22. Detailed design of Solr aspects: SolrCloud/HDP Search, integration with Apache Ranger + Sentry + Atlas, optimized performance SolrJ client with parallel queries, distributed indexing, index sharding, index splitting and rebalancing (also during runtime), cross data center replication (CDCR), Solr security (Kerberos, AD login, SASL, SSL), versioning with Avro & LDP (Linked Data Platform) and Apache Marmot-ta/RFC 7089 Extended Cluster vs Synchronized Multi-Cluster, scaling, definition of Solr Index Identifier (UID), High Availability (HA) and Disaster Recovery (DR) mechanisms, Solr HA, Load Balancing Concept (HW-based via F5, Ping against SolrCloud Node, solr healthcheck, Zookeeper, ContentQuery related Test Collection, SolrJ Client), replication, design of overlay networks (SDN, Software-Defined Networking).

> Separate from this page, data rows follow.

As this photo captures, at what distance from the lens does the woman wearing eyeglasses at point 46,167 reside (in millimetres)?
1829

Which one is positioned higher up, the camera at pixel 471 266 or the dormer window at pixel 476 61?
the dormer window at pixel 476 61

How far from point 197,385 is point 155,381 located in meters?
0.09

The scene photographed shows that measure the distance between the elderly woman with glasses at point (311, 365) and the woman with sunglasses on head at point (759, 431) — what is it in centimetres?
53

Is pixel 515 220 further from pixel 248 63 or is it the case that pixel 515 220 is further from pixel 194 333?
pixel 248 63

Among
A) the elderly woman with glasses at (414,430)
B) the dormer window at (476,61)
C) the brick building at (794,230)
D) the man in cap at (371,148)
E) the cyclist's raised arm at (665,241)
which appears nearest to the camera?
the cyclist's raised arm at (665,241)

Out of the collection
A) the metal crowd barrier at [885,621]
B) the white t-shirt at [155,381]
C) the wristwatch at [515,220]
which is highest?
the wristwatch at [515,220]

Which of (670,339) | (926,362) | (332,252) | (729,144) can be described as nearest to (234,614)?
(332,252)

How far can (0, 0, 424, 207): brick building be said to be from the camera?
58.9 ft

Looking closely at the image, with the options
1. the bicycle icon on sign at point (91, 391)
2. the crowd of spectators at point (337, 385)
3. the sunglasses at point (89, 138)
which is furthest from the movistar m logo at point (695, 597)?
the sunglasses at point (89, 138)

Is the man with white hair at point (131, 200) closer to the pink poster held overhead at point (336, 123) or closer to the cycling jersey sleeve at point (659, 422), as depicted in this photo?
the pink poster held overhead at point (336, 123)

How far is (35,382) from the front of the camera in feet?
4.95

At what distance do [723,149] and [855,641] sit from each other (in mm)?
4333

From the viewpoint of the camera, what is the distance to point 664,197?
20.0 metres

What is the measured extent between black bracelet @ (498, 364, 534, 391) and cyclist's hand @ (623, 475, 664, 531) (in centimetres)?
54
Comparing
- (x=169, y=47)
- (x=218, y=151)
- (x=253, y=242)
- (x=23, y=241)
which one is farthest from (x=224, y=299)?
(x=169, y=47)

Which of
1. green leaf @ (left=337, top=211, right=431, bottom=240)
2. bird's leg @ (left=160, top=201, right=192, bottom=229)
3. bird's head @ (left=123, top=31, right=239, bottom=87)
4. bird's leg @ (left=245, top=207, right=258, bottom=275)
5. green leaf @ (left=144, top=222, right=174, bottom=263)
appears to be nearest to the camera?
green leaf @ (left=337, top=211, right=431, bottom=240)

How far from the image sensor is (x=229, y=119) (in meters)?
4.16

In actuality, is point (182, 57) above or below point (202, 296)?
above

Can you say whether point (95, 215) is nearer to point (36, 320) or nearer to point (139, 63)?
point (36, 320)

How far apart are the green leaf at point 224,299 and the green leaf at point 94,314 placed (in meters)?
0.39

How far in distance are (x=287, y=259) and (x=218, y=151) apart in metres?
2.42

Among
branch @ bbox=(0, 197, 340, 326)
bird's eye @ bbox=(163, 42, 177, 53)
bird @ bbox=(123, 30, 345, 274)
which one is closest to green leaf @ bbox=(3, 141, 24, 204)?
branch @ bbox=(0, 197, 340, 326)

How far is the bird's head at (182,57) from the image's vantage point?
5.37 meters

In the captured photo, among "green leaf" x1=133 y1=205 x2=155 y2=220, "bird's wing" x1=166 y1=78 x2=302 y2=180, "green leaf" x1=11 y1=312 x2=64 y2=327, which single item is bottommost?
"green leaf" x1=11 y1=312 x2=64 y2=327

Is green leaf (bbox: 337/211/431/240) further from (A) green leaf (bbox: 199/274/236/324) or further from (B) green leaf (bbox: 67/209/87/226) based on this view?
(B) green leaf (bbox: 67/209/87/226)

23. Design of Amazon AWS cloud architecture with cloud migration concept and from monolithic to microservices approach, risk avoidance strategy, virtualization, efficient JavaScript UI with React, cloud security concept, microservice architecture, microservice versioning strategies, optimized data exchange, use of AWS Storage Gateway, Redshift, DDD (Domain-Driven Design) and Bounded Contexts, Product Line Architecture, Single-Sign-on Concept (SSO), etc.
24. Research and analysis of available data on security incidents and hacking for classic machine learning (Spark MLlib etc.) and deep learning (TensorFlow, PyTorch). There are about a hundred different sources, but with varying quality labeling, different conversion and adaptation efforts, etc.

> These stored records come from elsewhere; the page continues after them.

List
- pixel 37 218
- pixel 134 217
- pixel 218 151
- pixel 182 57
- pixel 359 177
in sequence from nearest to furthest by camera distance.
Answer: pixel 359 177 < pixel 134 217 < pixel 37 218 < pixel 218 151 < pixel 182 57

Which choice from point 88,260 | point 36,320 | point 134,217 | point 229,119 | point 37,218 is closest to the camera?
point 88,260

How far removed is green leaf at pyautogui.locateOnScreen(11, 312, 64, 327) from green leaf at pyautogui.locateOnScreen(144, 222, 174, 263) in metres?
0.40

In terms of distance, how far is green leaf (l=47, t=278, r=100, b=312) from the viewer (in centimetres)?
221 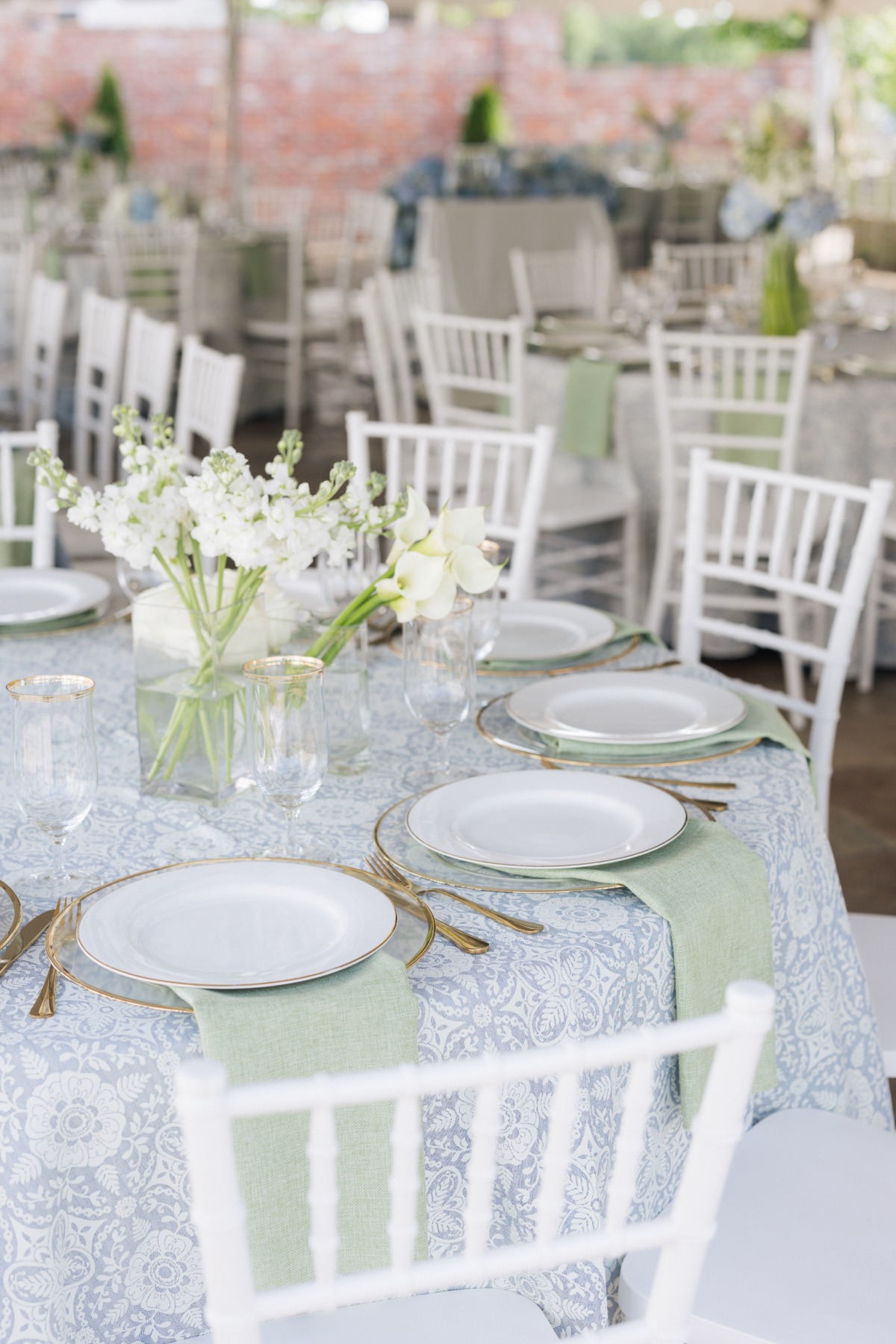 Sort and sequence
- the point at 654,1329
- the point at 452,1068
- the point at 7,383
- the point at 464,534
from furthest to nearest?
1. the point at 7,383
2. the point at 464,534
3. the point at 654,1329
4. the point at 452,1068

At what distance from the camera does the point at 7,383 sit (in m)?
5.39

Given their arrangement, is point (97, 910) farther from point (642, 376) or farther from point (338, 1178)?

25. Generation of our own IT security data for machine learning (ML) via fully equipped Linux and Windows environments (PC, vmWare), in which about 50 PenTesting tools like MetaSploit, Auto-Sploit etc. were executed. Instructions for normalizing and linking the data thus created as well as external data. Creation/extraction of regular expressions and generation of similar attacks/payloads based on this.

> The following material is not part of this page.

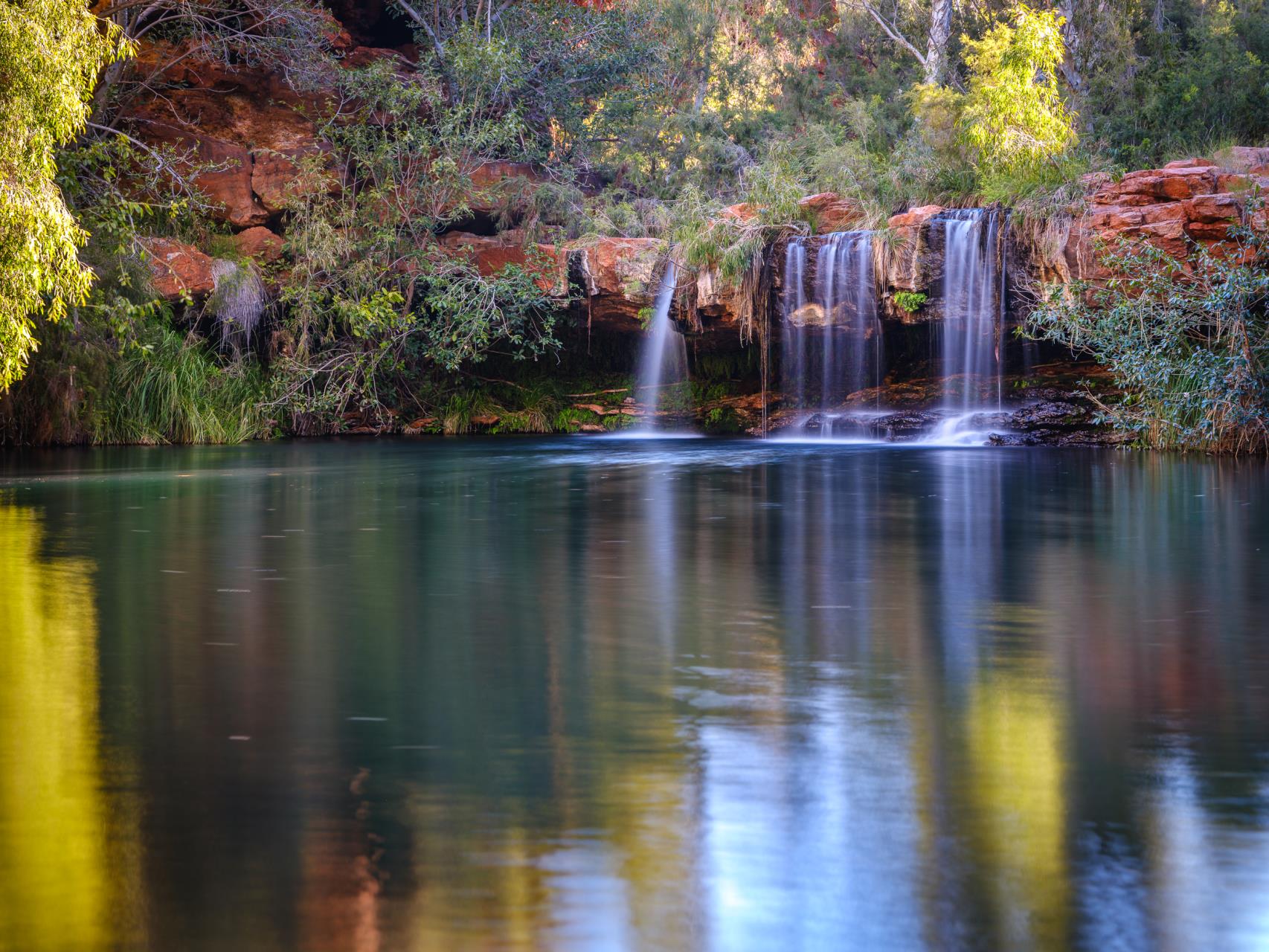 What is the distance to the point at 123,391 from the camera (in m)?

26. Design + Development of a control library in Scala for recognition and AI, which monitors and controls all key SOC elements.
27. Design + Development of a Scala UI and query library, which visualizes intelligent analyses in the Kibana dashboard with React and performs query mapping in SQL, HQL, Solr and similar dialects via Apache Drill with Drillbits. Here, we have largely recreated Splunk's SPL (Search Processing Language) as our OPL (Open Processing Lanaguage). It is essentially SQL extended by information on representation in the UI.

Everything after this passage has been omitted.